Hello Fellow Feminists,
This is the first blog I have ever posted. Why start now? Well, I feel my message and upcoming journey are going to be life altering and for some bizarre reason I want to share it with you. So, without further delay let me open myself right up and put myself "out there".
After weeks, months, years of denial (and fear) I am finally embarking on a journey. It is a journey I must make alone while still having the support of family and friends...though many of them don't even know about it yet. I am going to conquer my depression!
Not to sound Tom Cruise-esque but I don't believe in drugs (right now) for my depression. First off: I have just recently admitted that I am depressed and I want to explore all of my treatment options before settling on medication. Secondly: I am still breastfeeding my son and do not want any medication leeching its way into his tiny little system. Yes, I've looked up the research and apparently there are medications that are safe to take while nursing, however I don't feel, personally, that the studies have been long enough to rule out long term effects soooooo, I'm choosing to hold off for now. Instead, I will be starting an intense therapy program referred to as "Individual Solution-Focused Counselling". I've contacted the Canadian Mental Health Association (CMHA) office nearest to me and will begin therapy in the new year.

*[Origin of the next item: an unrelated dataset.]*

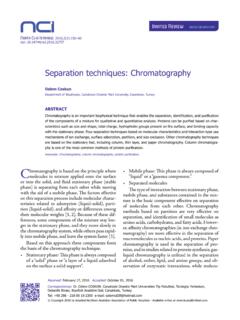 Separation techniques: Chromatography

So, what made me decide to do this after years of denying I have a problem? Well, to make a very long story short, I grew up with a depressed mother and a very angry/abusive father. Once I had children I started to notice my behaviour was mirroring what I grew up with. I often get angry, yell, and have temper tantrums that rival - but often surpass - what my three-year-old can dish out. My marriage has also begun to suffer. My husband, bless his heart, sticks by me (why???) and just wants me "to get better".
I think a major part of being a feminist is being able to admit when you need help. I am not superwoman nor am I supermom. I am a woman, albeit a temporarily "broken" woman. I will be fine. I will get better. I will get stronger. My kids will remember their mother as a woman who was fun, caring, and kind. NOT a raving lunatic! Not that being a lunatic is necessarily a bad thing.
That being said...my next blog will outline my first therapy session and any "light bulb" moments I may have.
Thanks for coming along. I appreciate the company.